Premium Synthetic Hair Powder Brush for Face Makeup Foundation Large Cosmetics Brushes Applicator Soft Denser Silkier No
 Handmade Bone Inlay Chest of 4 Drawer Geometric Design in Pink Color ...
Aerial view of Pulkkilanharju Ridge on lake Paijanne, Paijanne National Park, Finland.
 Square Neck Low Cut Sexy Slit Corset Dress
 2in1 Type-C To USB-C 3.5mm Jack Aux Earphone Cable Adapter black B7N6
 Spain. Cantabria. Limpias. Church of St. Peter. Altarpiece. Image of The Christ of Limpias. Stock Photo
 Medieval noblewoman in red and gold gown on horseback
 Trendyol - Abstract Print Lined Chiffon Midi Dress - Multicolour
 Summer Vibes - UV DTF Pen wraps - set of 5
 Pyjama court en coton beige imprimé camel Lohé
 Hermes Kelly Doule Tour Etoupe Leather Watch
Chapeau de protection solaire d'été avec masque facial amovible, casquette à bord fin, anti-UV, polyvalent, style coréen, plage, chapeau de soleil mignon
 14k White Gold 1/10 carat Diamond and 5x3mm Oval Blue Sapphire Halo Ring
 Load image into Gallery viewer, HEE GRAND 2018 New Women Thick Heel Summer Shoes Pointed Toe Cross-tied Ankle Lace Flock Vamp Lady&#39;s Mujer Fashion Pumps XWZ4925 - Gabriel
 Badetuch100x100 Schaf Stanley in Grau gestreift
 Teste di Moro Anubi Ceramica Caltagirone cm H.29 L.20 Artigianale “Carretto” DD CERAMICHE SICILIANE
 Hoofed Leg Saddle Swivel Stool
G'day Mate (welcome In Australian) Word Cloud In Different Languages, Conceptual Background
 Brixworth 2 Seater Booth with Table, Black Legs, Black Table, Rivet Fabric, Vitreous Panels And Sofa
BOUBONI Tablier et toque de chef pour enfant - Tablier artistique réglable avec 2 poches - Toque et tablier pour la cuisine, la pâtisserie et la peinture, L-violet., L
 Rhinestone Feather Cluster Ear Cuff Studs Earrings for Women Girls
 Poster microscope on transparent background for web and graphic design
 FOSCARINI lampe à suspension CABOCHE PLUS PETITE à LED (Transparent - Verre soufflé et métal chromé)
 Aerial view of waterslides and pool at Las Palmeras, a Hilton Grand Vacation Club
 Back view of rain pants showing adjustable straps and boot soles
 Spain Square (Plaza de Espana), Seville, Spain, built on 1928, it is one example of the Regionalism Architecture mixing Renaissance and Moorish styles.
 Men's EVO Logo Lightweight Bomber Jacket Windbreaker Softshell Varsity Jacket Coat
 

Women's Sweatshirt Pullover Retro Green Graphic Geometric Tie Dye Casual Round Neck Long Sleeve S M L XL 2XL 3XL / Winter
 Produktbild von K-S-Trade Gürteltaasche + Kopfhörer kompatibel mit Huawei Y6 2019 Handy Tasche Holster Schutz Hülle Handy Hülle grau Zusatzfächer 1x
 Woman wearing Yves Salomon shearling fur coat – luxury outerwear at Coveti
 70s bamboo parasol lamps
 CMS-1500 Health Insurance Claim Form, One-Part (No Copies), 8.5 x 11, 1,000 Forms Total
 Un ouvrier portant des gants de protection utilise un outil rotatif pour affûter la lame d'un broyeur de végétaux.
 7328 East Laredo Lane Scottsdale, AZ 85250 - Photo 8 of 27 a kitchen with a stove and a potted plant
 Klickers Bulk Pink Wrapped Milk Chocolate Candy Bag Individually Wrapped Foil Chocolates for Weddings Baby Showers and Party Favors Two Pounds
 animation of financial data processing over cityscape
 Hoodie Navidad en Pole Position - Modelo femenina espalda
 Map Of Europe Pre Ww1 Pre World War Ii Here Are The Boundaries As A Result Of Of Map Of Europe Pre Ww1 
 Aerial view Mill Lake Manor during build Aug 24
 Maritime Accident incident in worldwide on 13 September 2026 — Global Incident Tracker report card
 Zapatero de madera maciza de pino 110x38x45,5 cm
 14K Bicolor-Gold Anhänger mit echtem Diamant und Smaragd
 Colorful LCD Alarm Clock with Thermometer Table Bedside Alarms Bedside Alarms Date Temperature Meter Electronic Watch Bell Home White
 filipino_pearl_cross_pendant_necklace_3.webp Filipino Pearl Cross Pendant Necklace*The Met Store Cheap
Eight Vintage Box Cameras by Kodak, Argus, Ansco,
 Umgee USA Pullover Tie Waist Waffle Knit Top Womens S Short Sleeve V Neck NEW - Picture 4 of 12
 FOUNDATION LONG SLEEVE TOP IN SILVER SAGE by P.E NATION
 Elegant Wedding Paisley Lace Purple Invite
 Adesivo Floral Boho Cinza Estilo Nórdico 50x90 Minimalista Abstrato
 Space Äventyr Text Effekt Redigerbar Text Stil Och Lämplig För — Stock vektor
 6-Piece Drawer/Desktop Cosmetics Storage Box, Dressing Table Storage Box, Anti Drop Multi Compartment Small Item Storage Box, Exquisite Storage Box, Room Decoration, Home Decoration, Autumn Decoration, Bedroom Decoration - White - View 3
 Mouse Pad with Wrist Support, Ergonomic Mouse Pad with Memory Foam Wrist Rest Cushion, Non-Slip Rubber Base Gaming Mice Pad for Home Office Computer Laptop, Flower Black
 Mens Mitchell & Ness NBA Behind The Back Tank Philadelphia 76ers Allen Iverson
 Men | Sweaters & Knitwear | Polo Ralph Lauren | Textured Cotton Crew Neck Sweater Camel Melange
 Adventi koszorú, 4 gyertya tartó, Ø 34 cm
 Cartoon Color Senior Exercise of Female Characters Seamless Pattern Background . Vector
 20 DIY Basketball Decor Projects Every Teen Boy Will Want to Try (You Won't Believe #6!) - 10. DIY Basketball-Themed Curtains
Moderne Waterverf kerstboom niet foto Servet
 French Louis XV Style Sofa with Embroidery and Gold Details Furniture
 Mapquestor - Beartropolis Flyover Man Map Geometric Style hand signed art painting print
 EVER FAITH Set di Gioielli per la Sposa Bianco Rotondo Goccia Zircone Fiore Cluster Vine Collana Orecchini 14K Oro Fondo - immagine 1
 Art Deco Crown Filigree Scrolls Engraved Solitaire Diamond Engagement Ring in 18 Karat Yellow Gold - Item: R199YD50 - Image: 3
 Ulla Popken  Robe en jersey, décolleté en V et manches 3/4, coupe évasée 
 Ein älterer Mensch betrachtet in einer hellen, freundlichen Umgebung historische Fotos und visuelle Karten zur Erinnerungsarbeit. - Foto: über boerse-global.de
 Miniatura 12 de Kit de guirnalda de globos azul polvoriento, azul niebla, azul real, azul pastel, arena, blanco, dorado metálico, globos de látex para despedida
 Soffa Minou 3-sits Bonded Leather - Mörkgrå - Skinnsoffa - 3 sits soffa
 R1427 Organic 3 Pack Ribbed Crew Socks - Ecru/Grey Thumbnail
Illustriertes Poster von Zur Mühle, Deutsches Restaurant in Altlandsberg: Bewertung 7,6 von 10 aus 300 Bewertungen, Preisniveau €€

● ● ● ● ● ● ●

Your answer should be the whole listing above, repeated exactly as it appears.

- Answer:
Premium Synthetic Hair Powder Brush for Face Makeup Foundation Large Cosmetics Brushes Applicator Soft Denser Silkier No
 Handmade Bone Inlay Chest of 4 Drawer Geometric Design in Pink Color ...
Aerial view of Pulkkilanharju Ridge on lake Paijanne, Paijanne National Park, Finland.
 Square Neck Low Cut Sexy Slit Corset Dress
 2in1 Type-C To USB-C 3.5mm Jack Aux Earphone Cable Adapter black B7N6
 Spain. Cantabria. Limpias. Church of St. Peter. Altarpiece. Image of The Christ of Limpias. Stock Photo
 Medieval noblewoman in red and gold gown on horseback
 Trendyol - Abstract Print Lined Chiffon Midi Dress - Multicolour
 Summer Vibes - UV DTF Pen wraps - set of 5
 Pyjama court en coton beige imprimé camel Lohé
 Hermes Kelly Doule Tour Etoupe Leather Watch
Chapeau de protection solaire d'été avec masque facial amovible, casquette à bord fin, anti-UV, polyvalent, style coréen, plage, chapeau de soleil mignon
 14k White Gold 1/10 carat Diamond and 5x3mm Oval Blue Sapphire Halo Ring
 Load image into Gallery viewer, HEE GRAND 2018 New Women Thick Heel Summer Shoes Pointed Toe Cross-tied Ankle Lace Flock Vamp Lady&#39;s Mujer Fashion Pumps XWZ4925 - Gabriel
 Badetuch100x100 Schaf Stanley in Grau gestreift
 Teste di Moro Anubi Ceramica Caltagirone cm H.29 L.20 Artigianale “Carretto” DD CERAMICHE SICILIANE
 Hoofed Leg Saddle Swivel Stool
G'day Mate (welcome In Australian) Word Cloud In Different Languages, Conceptual Background
 Brixworth 2 Seater Booth with Table, Black Legs, Black Table, Rivet Fabric, Vitreous Panels And Sofa
BOUBONI Tablier et toque de chef pour enfant - Tablier artistique réglable avec 2 poches - Toque et tablier pour la cuisine, la pâtisserie et la peinture, L-violet., L
 Rhinestone Feather Cluster Ear Cuff Studs Earrings for Women Girls
 Poster microscope on transparent background for web and graphic design
 FOSCARINI lampe à suspension CABOCHE PLUS PETITE à LED (Transparent - Verre soufflé et métal chromé)
 Aerial view of waterslides and pool at Las Palmeras, a Hilton Grand Vacation Club
 Back view of rain pants showing adjustable straps and boot soles
 Spain Square (Plaza de Espana), Seville, Spain, built on 1928, it is one example of the Regionalism Architecture mixing Renaissance and Moorish styles.
 Men's EVO Logo Lightweight Bomber Jacket Windbreaker Softshell Varsity Jacket Coat
 

Women's Sweatshirt Pullover Retro Green Graphic Geometric Tie Dye Casual Round Neck Long Sleeve S M L XL 2XL 3XL / Winter
 Produktbild von K-S-Trade Gürteltaasche + Kopfhörer kompatibel mit Huawei Y6 2019 Handy Tasche Holster Schutz Hülle Handy Hülle grau Zusatzfächer 1x
 Woman wearing Yves Salomon shearling fur coat – luxury outerwear at Coveti
 70s bamboo parasol lamps
 CMS-1500 Health Insurance Claim Form, One-Part (No Copies), 8.5 x 11, 1,000 Forms Total
 Un ouvrier portant des gants de protection utilise un outil rotatif pour affûter la lame d'un broyeur de végétaux.
 7328 East Laredo Lane Scottsdale, AZ 85250 - Photo 8 of 27 a kitchen with a stove and a potted plant
 Klickers Bulk Pink Wrapped Milk Chocolate Candy Bag Individually Wrapped Foil Chocolates for Weddings Baby Showers and Party Favors Two Pounds
 animation of financial data processing over cityscape
 Hoodie Navidad en Pole Position - Modelo femenina espalda
 Map Of Europe Pre Ww1 Pre World War Ii Here Are The Boundaries As A Result Of Of Map Of Europe Pre Ww1 
 Aerial view Mill Lake Manor during build Aug 24
 Maritime Accident incident in worldwide on 13 September 2026 — Global Incident Tracker report card
 Zapatero de madera maciza de pino 110x38x45,5 cm
 14K Bicolor-Gold Anhänger mit echtem Diamant und Smaragd
 Colorful LCD Alarm Clock with Thermometer Table Bedside Alarms Bedside Alarms Date Temperature Meter Electronic Watch Bell Home White
 filipino_pearl_cross_pendant_necklace_3.webp Filipino Pearl Cross Pendant Necklace*The Met Store Cheap
Eight Vintage Box Cameras by Kodak, Argus, Ansco,
 Umgee USA Pullover Tie Waist Waffle Knit Top Womens S Short Sleeve V Neck NEW - Picture 4 of 12
 FOUNDATION LONG SLEEVE TOP IN SILVER SAGE by P.E NATION
 Elegant Wedding Paisley Lace Purple Invite
 Adesivo Floral Boho Cinza Estilo Nórdico 50x90 Minimalista Abstrato
 Space Äventyr Text Effekt Redigerbar Text Stil Och Lämplig För — Stock vektor
 6-Piece Drawer/Desktop Cosmetics Storage Box, Dressing Table Storage Box, Anti Drop Multi Compartment Small Item Storage Box, Exquisite Storage Box, Room Decoration, Home Decoration, Autumn Decoration, Bedroom Decoration - White - View 3
 Mouse Pad with Wrist Support, Ergonomic Mouse Pad with Memory Foam Wrist Rest Cushion, Non-Slip Rubber Base Gaming Mice Pad for Home Office Computer Laptop, Flower Black
 Mens Mitchell & Ness NBA Behind The Back Tank Philadelphia 76ers Allen Iverson
 Men | Sweaters & Knitwear | Polo Ralph Lauren | Textured Cotton Crew Neck Sweater Camel Melange
 Adventi koszorú, 4 gyertya tartó, Ø 34 cm
 Cartoon Color Senior Exercise of Female Characters Seamless Pattern Background . Vector
 20 DIY Basketball Decor Projects Every Teen Boy Will Want to Try (You Won't Believe #6!) - 10. DIY Basketball-Themed Curtains
Moderne Waterverf kerstboom niet foto Servet
 French Louis XV Style Sofa with Embroidery and Gold Details Furniture
 Mapquestor - Beartropolis Flyover Man Map Geometric Style hand signed art painting print
 EVER FAITH Set di Gioielli per la Sposa Bianco Rotondo Goccia Zircone Fiore Cluster Vine Collana Orecchini 14K Oro Fondo - immagine 1
 Art Deco Crown Filigree Scrolls Engraved Solitaire Diamond Engagement Ring in 18 Karat Yellow Gold - Item: R199YD50 - Image: 3
 Ulla Popken  Robe en jersey, décolleté en V et manches 3/4, coupe évasée 
 Ein älterer Mensch betrachtet in einer hellen, freundlichen Umgebung historische Fotos und visuelle Karten zur Erinnerungsarbeit. - Foto: über boerse-global.de
 Miniatura 12 de Kit de guirnalda de globos azul polvoriento, azul niebla, azul real, azul pastel, arena, blanco, dorado metálico, globos de látex para despedida
 Soffa Minou 3-sits Bonded Leather - Mörkgrå - Skinnsoffa - 3 sits soffa
 R1427 Organic 3 Pack Ribbed Crew Socks - Ecru/Grey Thumbnail
Illustriertes Poster von Zur Mühle, Deutsches Restaurant in Altlandsberg: Bewertung 7,6 von 10 aus 300 Bewertungen, Preisniveau €€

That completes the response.